Qué triste es bordear el alarido. Qué extraño y qué pobre es el logro de que a uno le teman.

La semana pasada oí en la misma estación a una diseñadora valiente –de apellido Kalli– reconocer que fue matoneada por ciertos miembros de la administración de Bogotá: uno de ellos, el peor, llegó a amenazarla con la frase “la voy a violar”. Que qué hizo ella para que la intimidaran así: nada. Y sobre todo: da igual. Lo hicieron por crueles, por matones. Y nadie puede haber hecho nada que justifique semejante ataque. Quería decir en realidad que desde que escuché esa confesión, me ha parecido ver, en los corrillos de astutos que se reúnen en las esquinas de las redes sociales, en los pantanosos foros de los lectores de las páginas web (dejé de leerlos desde que un alias me escribió allí “cuídese” en el peor de los sentidos) y en las descalificaciones con las que ciertos funcionarios públicos responden a las críticas, una imbatible inclinación al matoneo, y un cortísimo talento para el ancestral arte del insulto.

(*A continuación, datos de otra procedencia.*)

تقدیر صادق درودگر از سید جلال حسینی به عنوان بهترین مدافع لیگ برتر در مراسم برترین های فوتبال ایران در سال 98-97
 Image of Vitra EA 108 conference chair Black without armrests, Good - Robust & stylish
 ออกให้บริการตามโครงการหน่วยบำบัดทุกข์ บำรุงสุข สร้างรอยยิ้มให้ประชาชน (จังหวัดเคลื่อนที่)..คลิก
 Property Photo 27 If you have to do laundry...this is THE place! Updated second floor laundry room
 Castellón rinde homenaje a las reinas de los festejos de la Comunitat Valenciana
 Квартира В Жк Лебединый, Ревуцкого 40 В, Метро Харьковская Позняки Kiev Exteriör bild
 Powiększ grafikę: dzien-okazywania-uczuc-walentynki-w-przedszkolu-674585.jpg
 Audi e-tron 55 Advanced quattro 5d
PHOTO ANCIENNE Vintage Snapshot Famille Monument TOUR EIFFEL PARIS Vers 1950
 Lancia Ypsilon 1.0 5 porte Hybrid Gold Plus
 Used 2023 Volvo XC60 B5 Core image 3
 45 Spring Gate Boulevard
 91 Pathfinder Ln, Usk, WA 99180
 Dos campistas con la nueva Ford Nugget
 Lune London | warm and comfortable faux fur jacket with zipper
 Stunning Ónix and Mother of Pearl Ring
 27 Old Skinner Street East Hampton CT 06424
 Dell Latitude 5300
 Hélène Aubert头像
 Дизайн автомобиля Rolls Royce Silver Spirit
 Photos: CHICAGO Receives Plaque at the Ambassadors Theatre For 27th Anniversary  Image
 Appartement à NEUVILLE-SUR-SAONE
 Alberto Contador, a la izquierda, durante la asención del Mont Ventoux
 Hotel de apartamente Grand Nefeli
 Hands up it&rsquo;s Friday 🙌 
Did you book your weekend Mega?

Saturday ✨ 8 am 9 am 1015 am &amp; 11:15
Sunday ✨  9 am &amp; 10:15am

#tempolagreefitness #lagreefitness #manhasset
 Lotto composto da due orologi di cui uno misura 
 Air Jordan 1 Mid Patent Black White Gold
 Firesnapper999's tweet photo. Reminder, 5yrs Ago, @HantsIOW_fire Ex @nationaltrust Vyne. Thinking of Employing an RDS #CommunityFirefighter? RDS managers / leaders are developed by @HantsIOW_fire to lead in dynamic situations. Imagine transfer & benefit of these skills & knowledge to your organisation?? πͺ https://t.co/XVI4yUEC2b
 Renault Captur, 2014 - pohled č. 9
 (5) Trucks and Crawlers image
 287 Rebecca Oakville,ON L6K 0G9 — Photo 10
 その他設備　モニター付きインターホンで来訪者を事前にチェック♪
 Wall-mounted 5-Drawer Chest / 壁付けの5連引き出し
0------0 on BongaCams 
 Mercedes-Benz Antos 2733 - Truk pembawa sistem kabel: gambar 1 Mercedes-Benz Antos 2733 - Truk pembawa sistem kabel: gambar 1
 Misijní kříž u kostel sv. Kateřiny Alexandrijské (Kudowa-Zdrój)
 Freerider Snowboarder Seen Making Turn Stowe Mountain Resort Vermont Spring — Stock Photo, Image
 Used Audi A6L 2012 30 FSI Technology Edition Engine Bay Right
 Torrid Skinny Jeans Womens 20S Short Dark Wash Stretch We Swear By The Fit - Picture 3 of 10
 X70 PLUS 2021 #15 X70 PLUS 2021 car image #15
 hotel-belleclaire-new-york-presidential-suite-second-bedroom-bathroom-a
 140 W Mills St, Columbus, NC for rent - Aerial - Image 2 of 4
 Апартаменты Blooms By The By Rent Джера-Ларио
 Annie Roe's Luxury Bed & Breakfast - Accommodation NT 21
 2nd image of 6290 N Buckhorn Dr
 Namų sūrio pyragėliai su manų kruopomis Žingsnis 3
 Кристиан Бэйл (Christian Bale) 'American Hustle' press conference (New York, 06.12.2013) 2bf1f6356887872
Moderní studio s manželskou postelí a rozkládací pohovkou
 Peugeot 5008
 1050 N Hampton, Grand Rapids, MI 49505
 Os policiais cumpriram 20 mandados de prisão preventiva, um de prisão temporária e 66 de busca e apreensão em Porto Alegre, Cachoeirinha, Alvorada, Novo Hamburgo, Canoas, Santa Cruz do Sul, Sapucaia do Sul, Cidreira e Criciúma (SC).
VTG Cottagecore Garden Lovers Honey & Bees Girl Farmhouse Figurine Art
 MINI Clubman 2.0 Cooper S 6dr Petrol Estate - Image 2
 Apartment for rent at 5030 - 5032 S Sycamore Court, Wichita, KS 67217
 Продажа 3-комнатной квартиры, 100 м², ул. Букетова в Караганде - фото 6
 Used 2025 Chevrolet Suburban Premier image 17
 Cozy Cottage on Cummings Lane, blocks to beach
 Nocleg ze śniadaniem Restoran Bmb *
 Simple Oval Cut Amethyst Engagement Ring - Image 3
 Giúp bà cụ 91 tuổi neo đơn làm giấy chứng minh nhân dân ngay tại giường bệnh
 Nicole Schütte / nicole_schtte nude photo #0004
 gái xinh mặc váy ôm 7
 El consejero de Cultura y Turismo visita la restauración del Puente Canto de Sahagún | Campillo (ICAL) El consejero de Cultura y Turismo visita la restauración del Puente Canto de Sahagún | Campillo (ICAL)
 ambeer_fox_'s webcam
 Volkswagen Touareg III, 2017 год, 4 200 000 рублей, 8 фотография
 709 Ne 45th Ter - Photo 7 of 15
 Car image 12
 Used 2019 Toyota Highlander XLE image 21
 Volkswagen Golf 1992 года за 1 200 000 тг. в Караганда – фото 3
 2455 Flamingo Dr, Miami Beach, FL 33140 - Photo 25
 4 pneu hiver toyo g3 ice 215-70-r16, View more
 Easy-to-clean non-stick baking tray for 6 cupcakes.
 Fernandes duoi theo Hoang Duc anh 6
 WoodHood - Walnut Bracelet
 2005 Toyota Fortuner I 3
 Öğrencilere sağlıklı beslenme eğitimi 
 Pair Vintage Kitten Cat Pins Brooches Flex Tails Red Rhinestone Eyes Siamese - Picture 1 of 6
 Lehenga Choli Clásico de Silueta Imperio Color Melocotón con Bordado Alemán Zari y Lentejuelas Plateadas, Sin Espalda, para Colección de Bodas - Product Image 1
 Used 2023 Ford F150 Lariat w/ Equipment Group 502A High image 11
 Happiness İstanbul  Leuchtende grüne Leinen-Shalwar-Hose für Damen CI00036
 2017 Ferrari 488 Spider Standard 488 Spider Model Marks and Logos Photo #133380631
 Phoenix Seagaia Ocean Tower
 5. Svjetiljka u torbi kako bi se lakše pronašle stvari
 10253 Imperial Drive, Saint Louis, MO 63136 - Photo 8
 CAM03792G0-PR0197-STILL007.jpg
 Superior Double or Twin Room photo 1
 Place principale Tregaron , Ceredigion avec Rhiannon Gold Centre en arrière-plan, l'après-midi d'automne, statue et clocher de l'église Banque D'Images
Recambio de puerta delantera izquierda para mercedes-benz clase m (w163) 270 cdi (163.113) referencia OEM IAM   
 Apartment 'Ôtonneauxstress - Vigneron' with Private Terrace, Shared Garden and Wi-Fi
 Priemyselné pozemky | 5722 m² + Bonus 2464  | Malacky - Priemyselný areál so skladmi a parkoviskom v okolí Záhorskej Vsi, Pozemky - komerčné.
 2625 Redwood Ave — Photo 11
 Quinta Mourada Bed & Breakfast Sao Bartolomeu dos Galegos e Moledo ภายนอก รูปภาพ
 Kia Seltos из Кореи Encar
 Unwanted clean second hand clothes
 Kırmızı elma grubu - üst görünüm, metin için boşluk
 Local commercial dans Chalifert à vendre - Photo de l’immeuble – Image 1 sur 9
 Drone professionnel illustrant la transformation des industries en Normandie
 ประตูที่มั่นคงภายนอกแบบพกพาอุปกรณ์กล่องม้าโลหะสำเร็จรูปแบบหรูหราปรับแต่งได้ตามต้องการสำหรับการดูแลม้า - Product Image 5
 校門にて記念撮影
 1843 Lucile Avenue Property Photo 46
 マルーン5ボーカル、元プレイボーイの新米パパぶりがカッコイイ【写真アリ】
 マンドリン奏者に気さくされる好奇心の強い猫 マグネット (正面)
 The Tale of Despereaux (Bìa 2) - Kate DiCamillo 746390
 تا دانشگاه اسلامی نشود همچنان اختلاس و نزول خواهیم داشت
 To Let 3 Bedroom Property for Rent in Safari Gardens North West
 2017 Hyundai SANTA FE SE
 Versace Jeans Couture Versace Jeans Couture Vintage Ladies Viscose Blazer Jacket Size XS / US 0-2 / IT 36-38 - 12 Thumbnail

Colombia es tierra rica en paranoicos. Dice un estudio estremecedor, que salió apenas el martes pasado, que 9 de cada 10 bogotanos desconfían de su vecino: poco se da, pues, aquello de “pedir una tacita de azúcar”. Una futura investigación, de la universidad que usted prefiera del país en el que usted crea, probará que cada vez que alguien reniega del expresidente o del alcalde o del procurador una cuadrilla de fanáticos entra en escena a hacer justicia: “¡mamerto!”, “¡mafioso!”, “¡impío!”. Y es claro que si aquí la entonación derrota a las palabras con tanta frecuencia, si los criticados prefieren desprestigiar a los críticos antes de callar o de dar explicaciones, y a los entrevistadores les interesa mucho más la contundencia de sus preguntas que las respuestas de sus entrevistados, es porque en este lugar del mundo, acá en Colombia, todas las discusiones se dan por perdidas de antemano.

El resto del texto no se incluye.